Copy all the lines of the listing below exactly. Skip the images.

◆ **EXERCISE DATA**
○ ○ ○ ○ ○
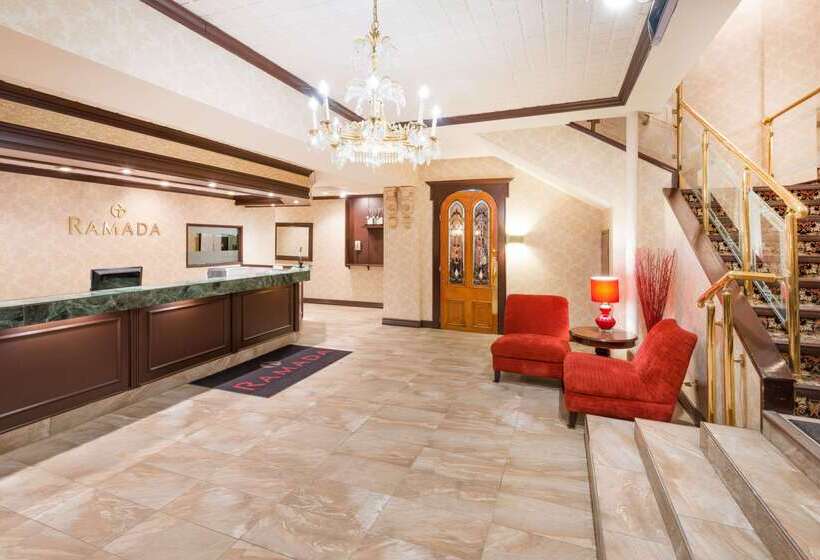 فندق Ramada By Wyndham St. John's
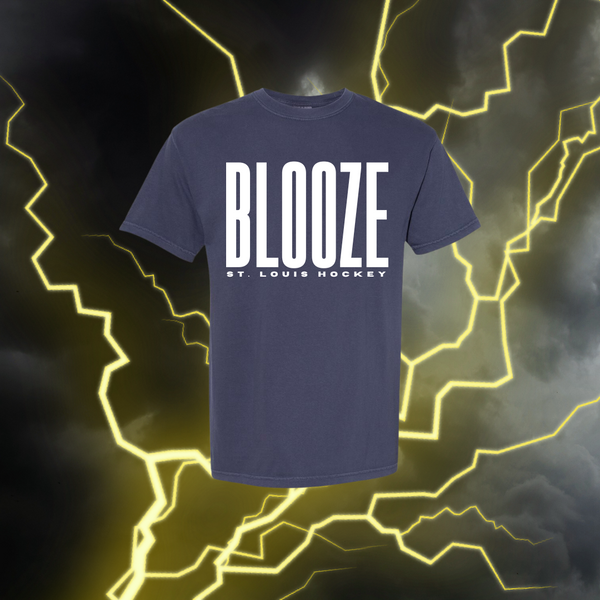 BLOOZE Structured Tee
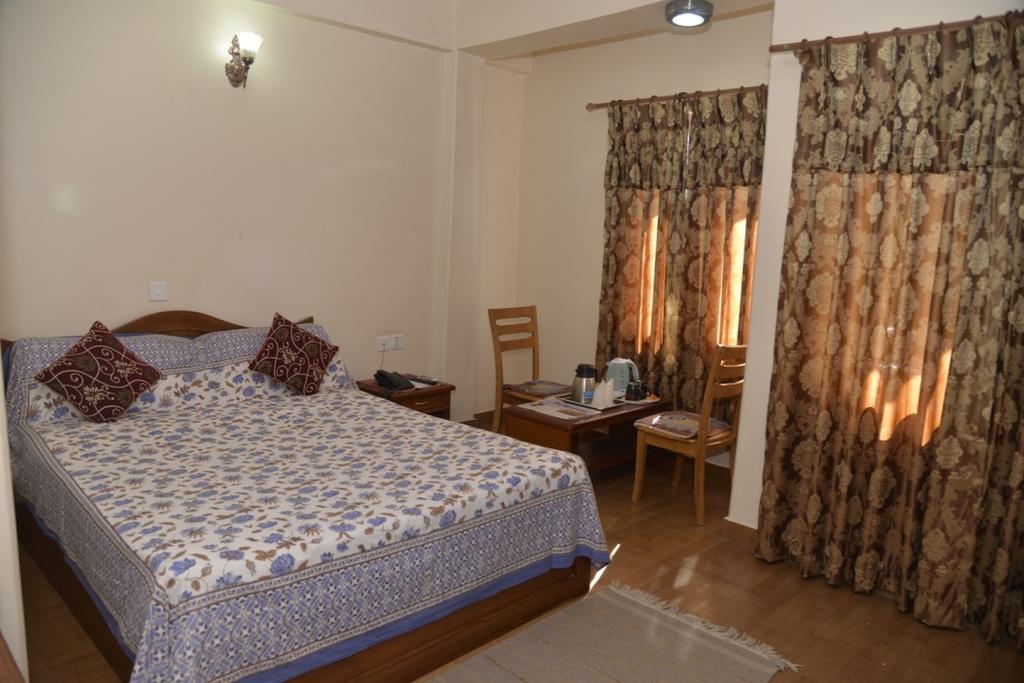 Hotel Asia Покхара Экстерьер фото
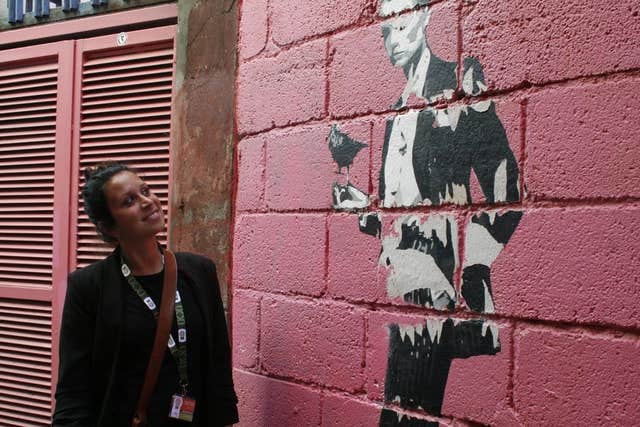 My Community Space - Street Art Walking Tour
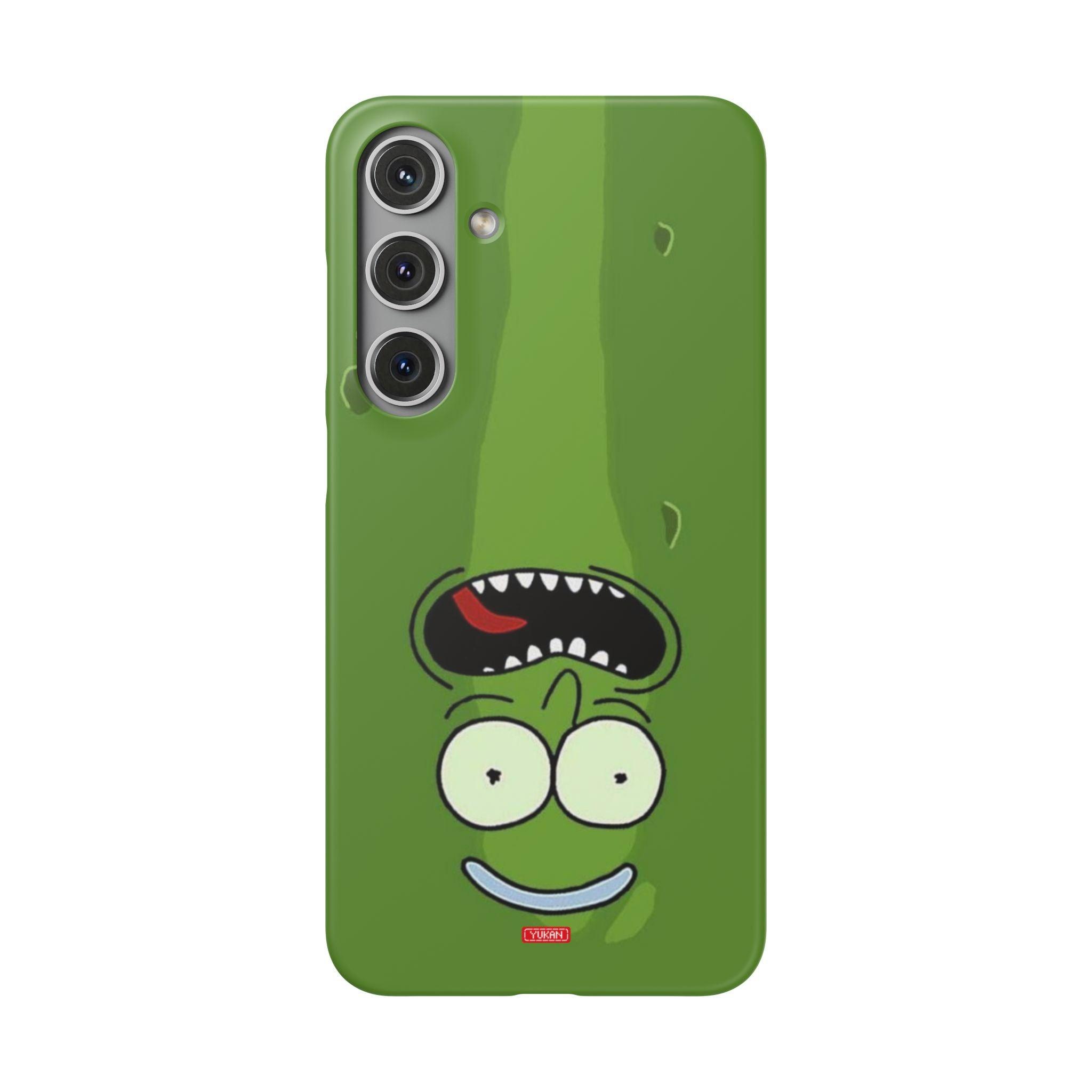 Snap Cases - Giant Pickle - Yukan Iconic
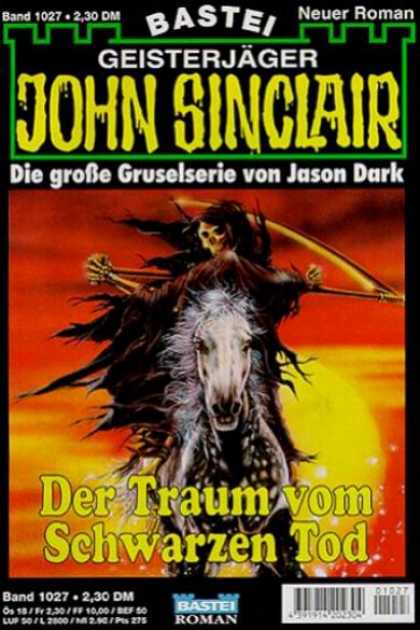 John Sinclair - Der Traum vom Schwarzen Tod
○ ○ ○ ○ ○
◆ **ANSWER BOX**
 فندق Ramada By Wyndham St. John's
 BLOOZE Structured Tee
 Hotel Asia Покхара Экстерьер фото
 My Community Space - Street Art Walking Tour
 Snap Cases - Giant Pickle - Yukan Iconic
 John Sinclair - Der Traum vom Schwarzen Tod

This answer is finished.